Councillors, officers and members of the public took part in an informal poll over the last 10 days in a bid to establish which digital communication channels are the most effective during special and specific situations e.g. school closures due to snow.
The exact question was;
It’s now December and icy roads, closed schools and uncollected bins tend to dominate local government over the coming months. Residents rush to council websites seeking to report problems and find information. Increasingly, there is an expectation for this data to be real time. So what should councils be doing?
Imagine you a council officer with responsibility for updating residents, media, voluntary organisations and private sector companies during these special situations. Which tools do you think are most effective?
The nature of “effective” was left deliberately undefined. Some people may have judged a tool in terms of simple numbers of receivers, speed of update and/or cost.
The results are in the graph below. The scores are out of 10 on a scale of ‘no use at all’ (0) to very effective (10).
Some observations:
- “The quality of the information is most important as it’s the one time of year when people will actively seek information from us”, said one participant. I couldn’t agree more
- The council website remains the most significant digital space for a local authority, scoring 8.29 out of 10. Many participants in the survey noted how this should be the ‘home’ from which all other digital channels should be signposted to, and syndicate from through RSS. This means
- The council website homepage is updated
- Residents and journalists who have subscribed via email (7.1/10) receive an automated notification
- This same notification automatically updates Twitter, Facebook and any other channels being used
- People start sharing this information with each other
The main aim of this is to alleviate pressure on contact centres responsible for keeping people up to date with the latest information.
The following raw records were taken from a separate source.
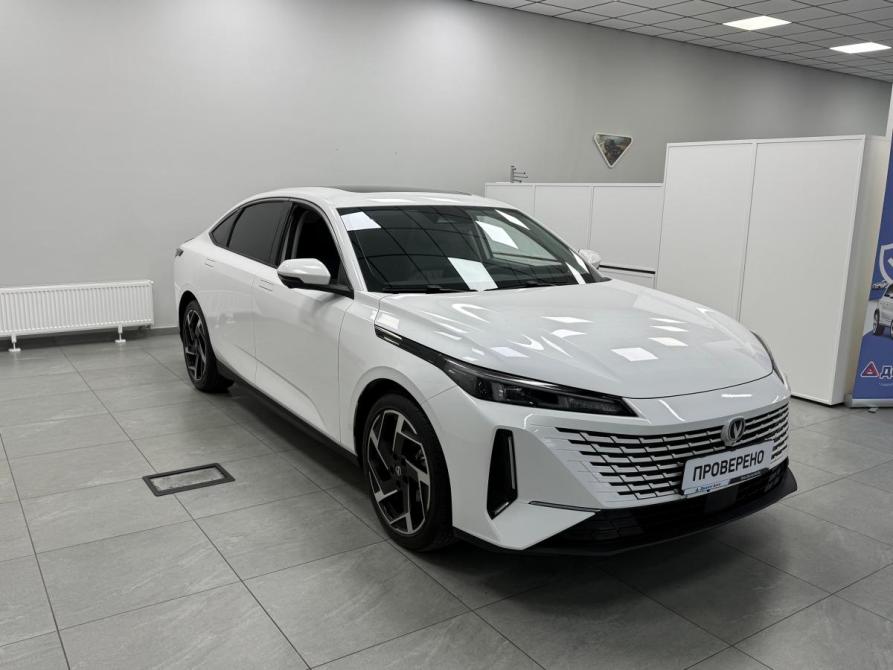Changan Lamore Казань  - изображение 3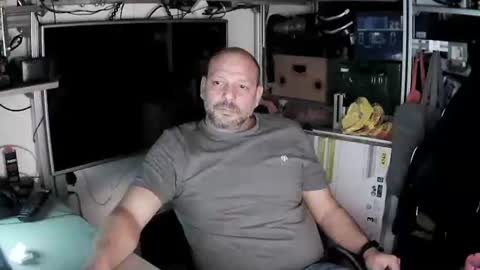 Kosta online show from March 11, 5:46 pm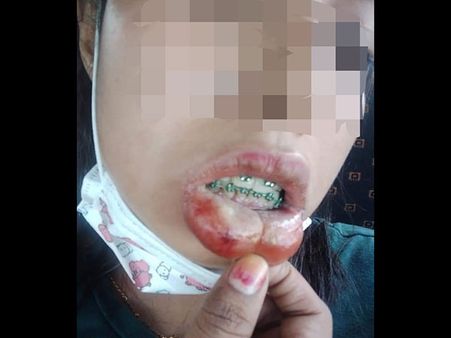 The Doctor Shared The Details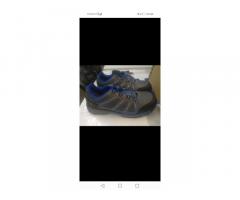 Delovni orginalni cevli bennon 42 velikost - 3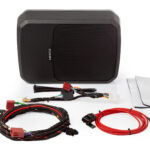 Renault R5 E-Tech Aktivsubwoofer nachrüsten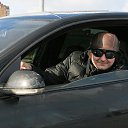   (Street &amp; drag racer)))   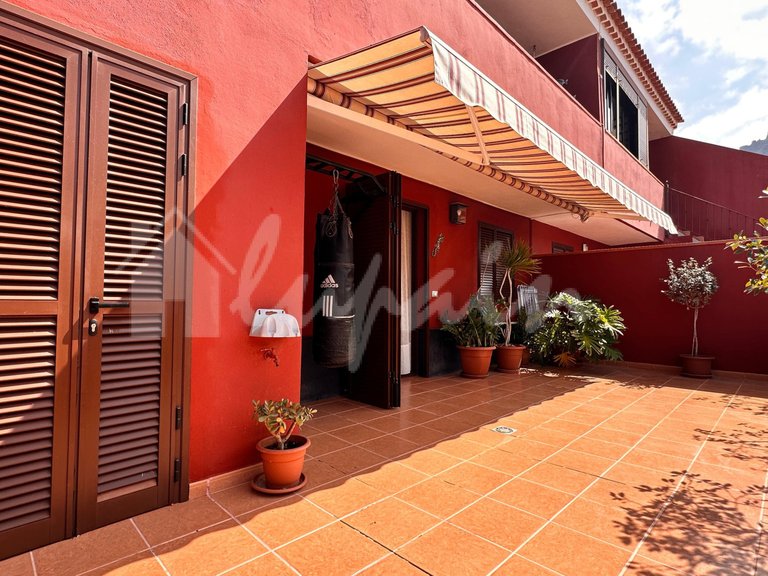 Town House for Sale in Costa Adeje, Madronal De Fanabe 35
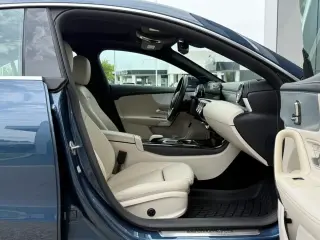2021 Mercedes-Benz CLA 250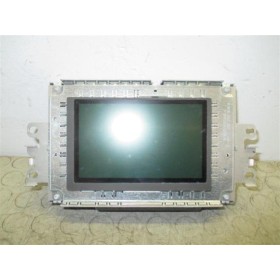 VARIOUS DISPLAY  VOLVO V40...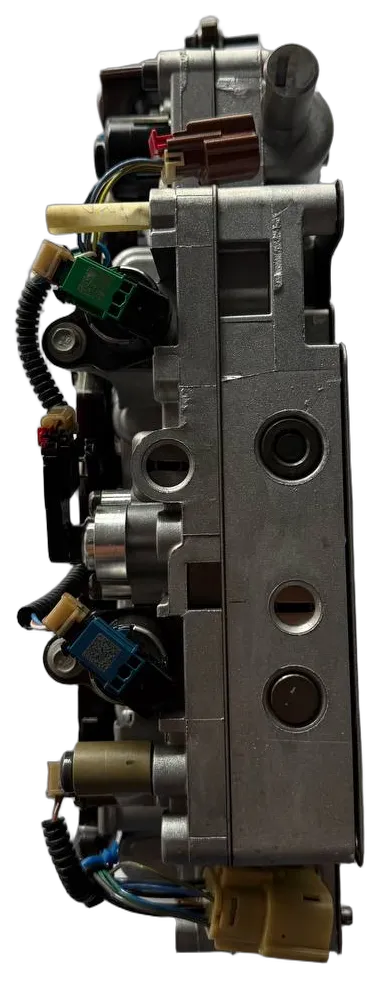 8F24 Steuergerät Reparatur 4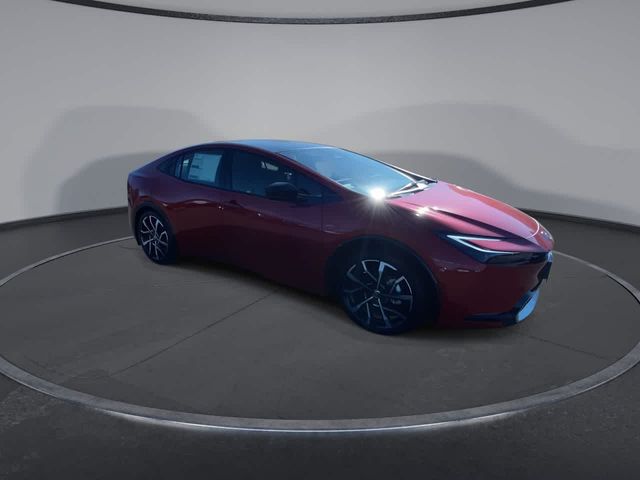 2024 Toyota Prius Prime XSE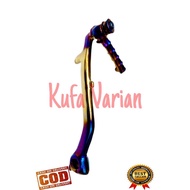 Discount Selahan Kick Starter Crank 2tone Two Tone Motor hd oem Yamaha BEAT Scoopy Vario Mio Nmax sp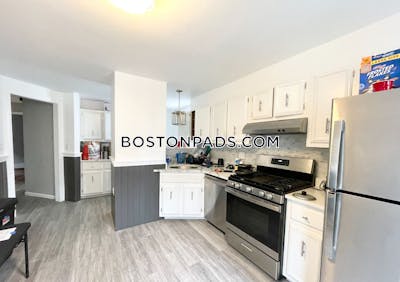 East Boston 6 Beds 2 Baths Boston - $6,000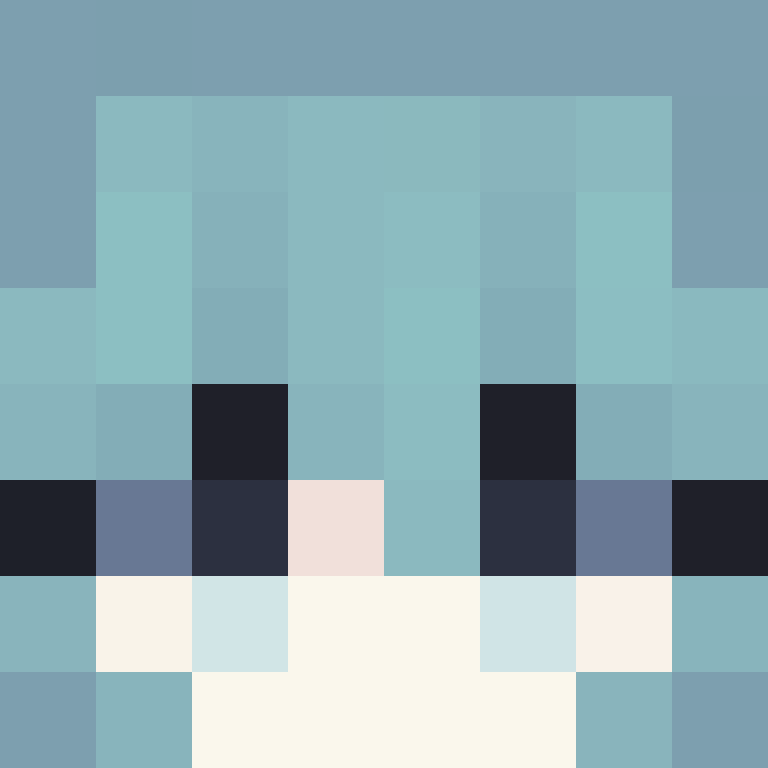 Desantyt's skin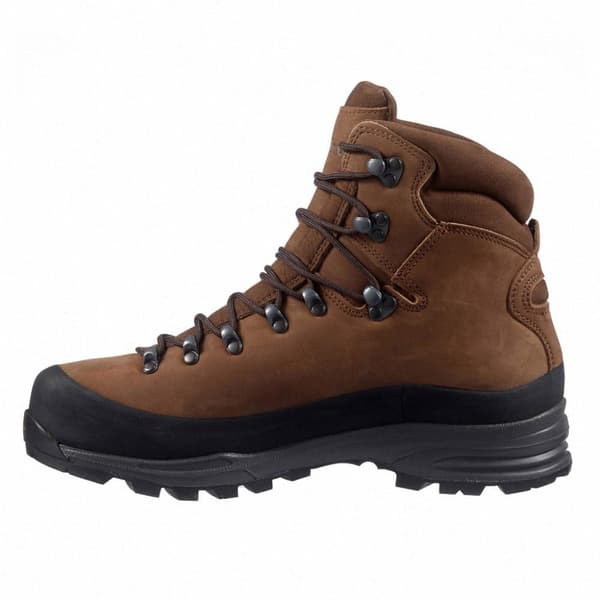Kayland Globo Goretex Vandringskängor Brun EU 45 1/2 Man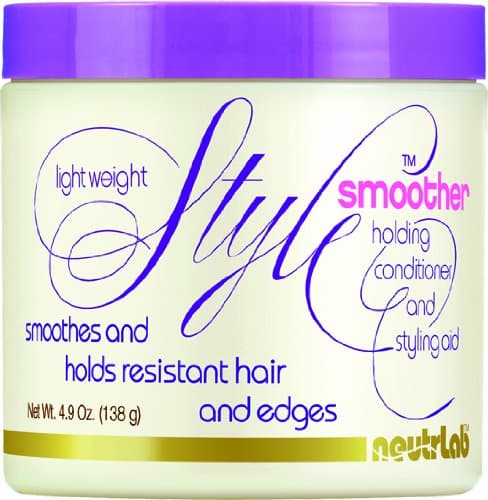 Neutralab Style Smoother 5.2 oz.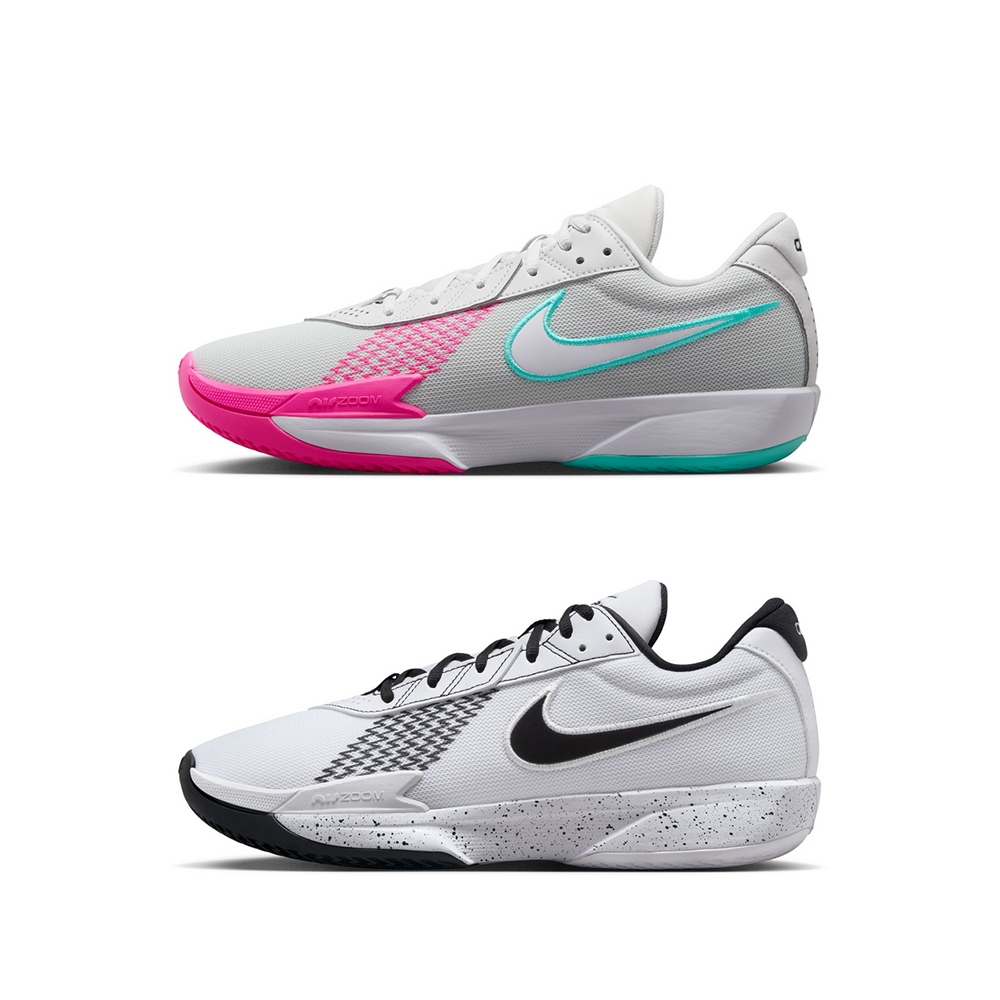 【NIKE】G.T. Cut Academy EP 籃球鞋 運動鞋 男鞋 -FB2598012 FB2598105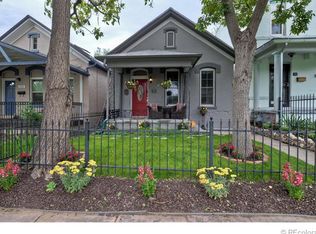 2220 N Clarkson St, Denver, CO 80205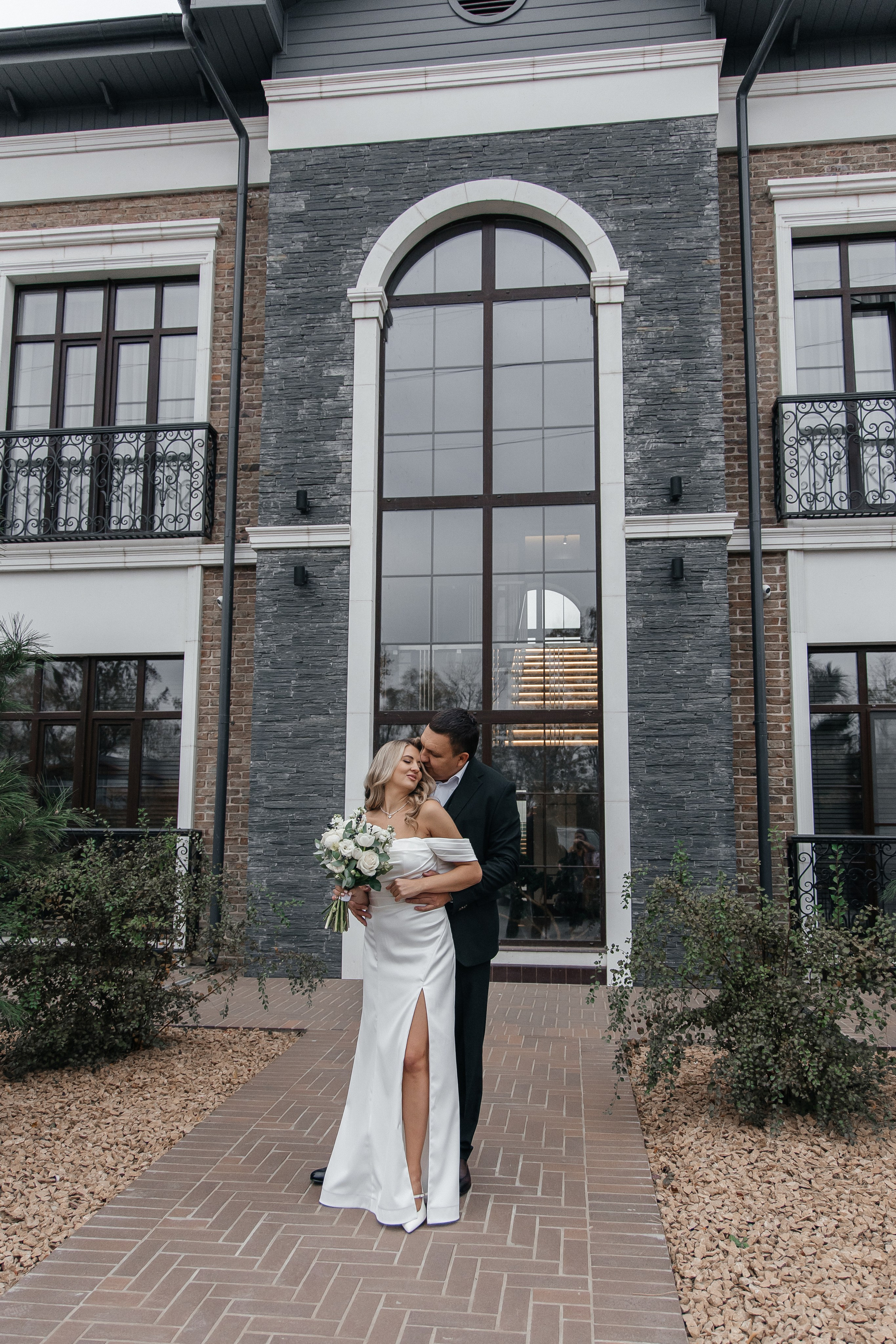 A&A. Фотограф Таганрог Хребет София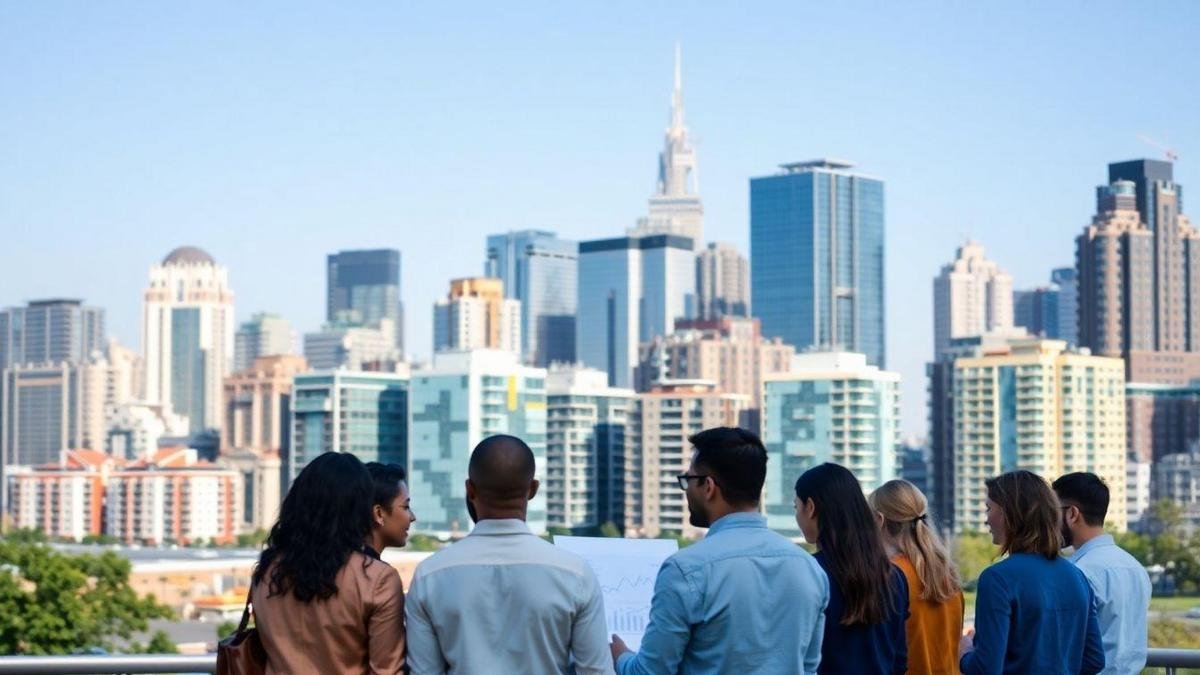 Understanding the US Real Estate Market Growth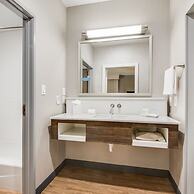 Hampton Inn & Suites Dallas/Ft. Worth Airport South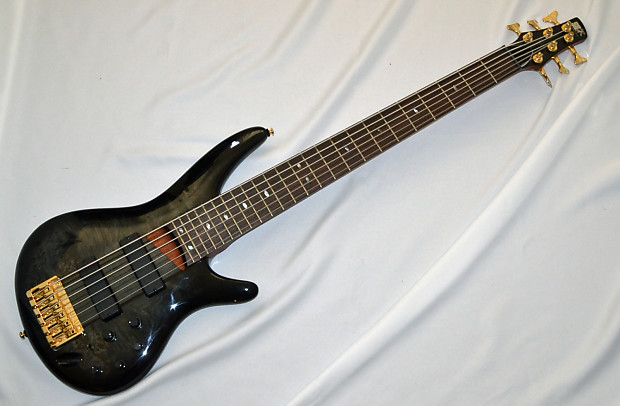 Ibanez sr806 outlet
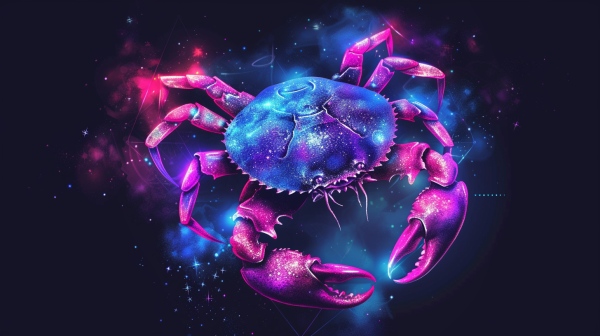 Cancer (June 21 - July 22) Horoscope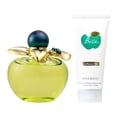 thumbnail image 2 of Set perfume para dama Nina Ricci Bella EDT 80ml Body Lotion 100ml, 2 of 4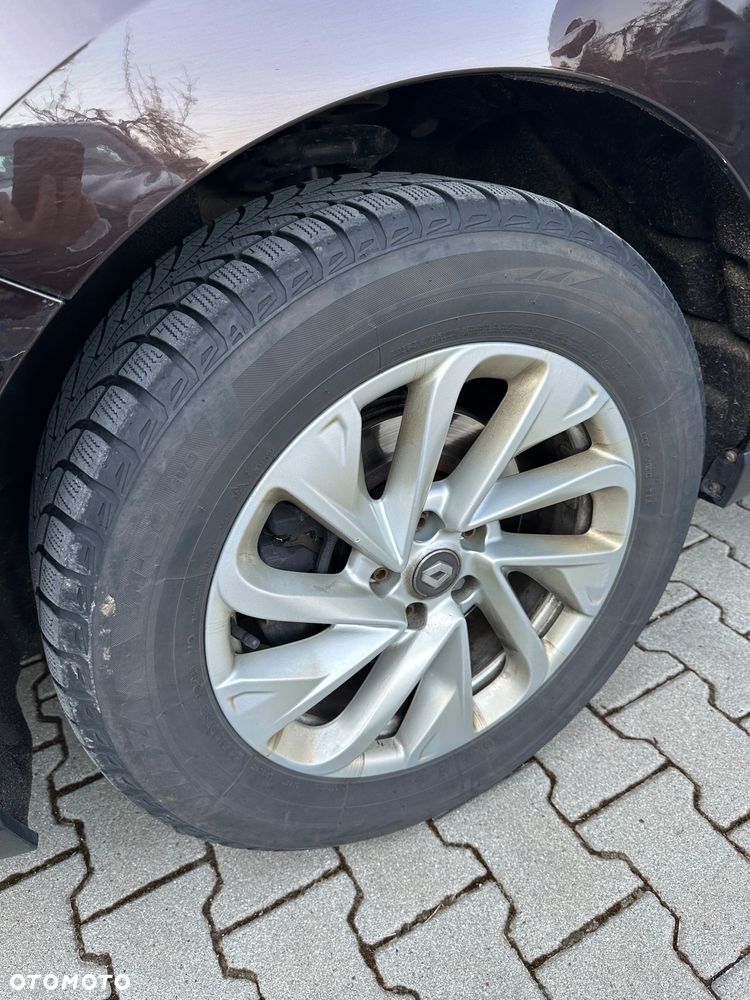 Renault Espace 1.6 dCi Energy Magnetic EDC 7os - 27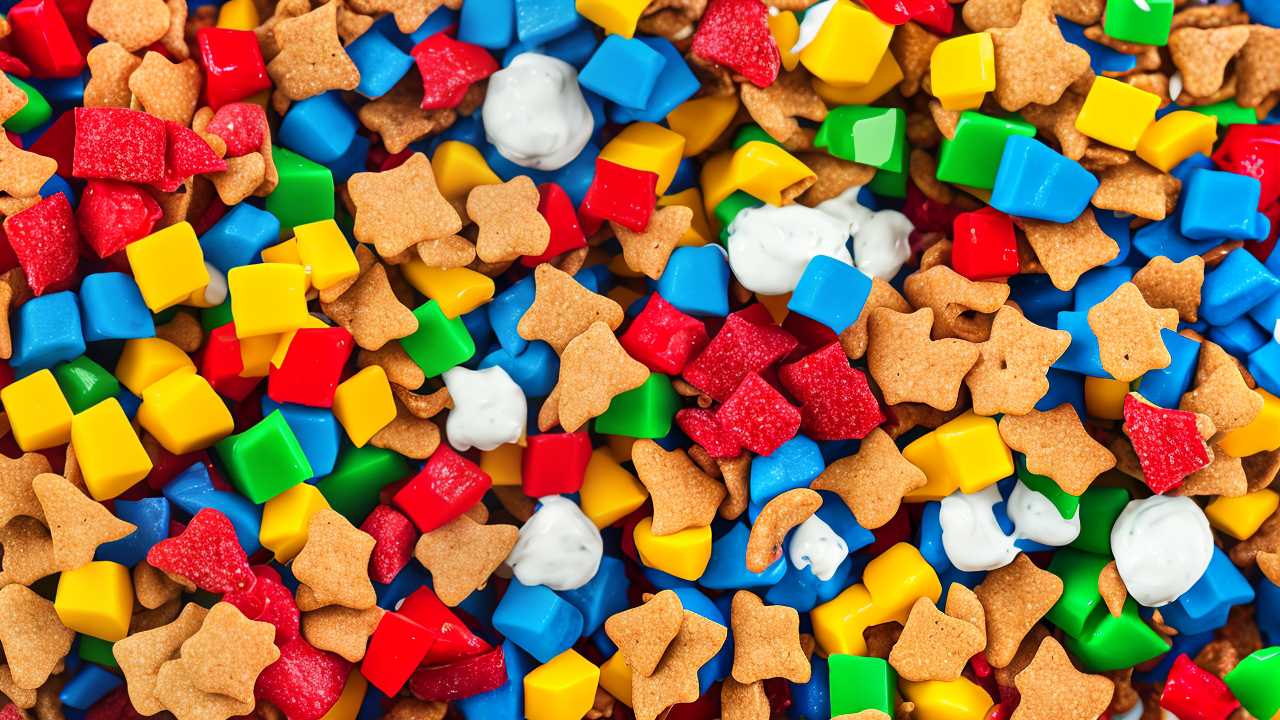 Budget-Friendly Cheese Snacks for Kids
The potential for monetary savings here is massive. According to SOCITM, every telephone call costs £5, every web based interaction is just 17p.
- Many noted that these automated feeds mean there is ‘one version of the truth’ – again cutting down on the likelihood of confused or frustrated residents (and journalists) opting to call the contact centre.
- Whilst many people opted for the dedicated Twitter stream – there were a large number of anti-Twitter comments, as one person said, “setting up new dedicated ones means you have to get new followers” – this requires added workload for the contact centres. For smaller councils, this may be particularly difficult to achieve. A solution to this may be found in an example from Coventry who are using their main council Facebook and Twitter accounts as these have already amassed a strong following. However, it is also worth noting here that only about 1% of the population is seeking to follow their local authority through Twitter – see our recent report Going where the eyeballs are for more on where people are connecting online.
- Using real spaces – one of the options I forgot to mention – like information boards in libraries and outside schools. City of Edinburgh Council reported they were doing this. This is also necessary as we remember that there remain 9m people in the country without broadband internet connections – see more on the digital divide and what your authority can do about it here.
- There is much pressure on resource that is preventing many people from turning ideas into practical services. A leading example of how to negate this though is the #wmgrit project. Driving 40 miles through the West Midlands can take you through seven council areas so Birmingham, Walsall, Dudley, Sandwell, Coventry, Wolverhampton, Shropshire, Staffordshire and Solihull – as well as the Highways Agency – have teamed up to pool all road updates together (using CoverItLive) to give local people a fuller sense of what is going on.
- Local bloggers (6.05/10) and community forums (6.68/10) are seen as a reasonably effective resource to distribute information– not scoring as highly as ‘traditional’ journalists or media spaces (7.9/10) but still significant – and a value I believe we will see grow over coming years. See Networked Neighbourhoods recent research for more on the citizen-led spaces and how councils should engage with them.
Whilst the above results are rather unscientific – they are revealing none the less. If nothing else, it further proves that there is no one-size-fits all model to local government communications.
This shows that communication strategies must be controlled yes, but have a necessary chaotic element at the same time in order to best respond to the special and specific. We must take an agile approach and reflect the multimedia use – or digital ecosystem – of the local community and the services the council provides.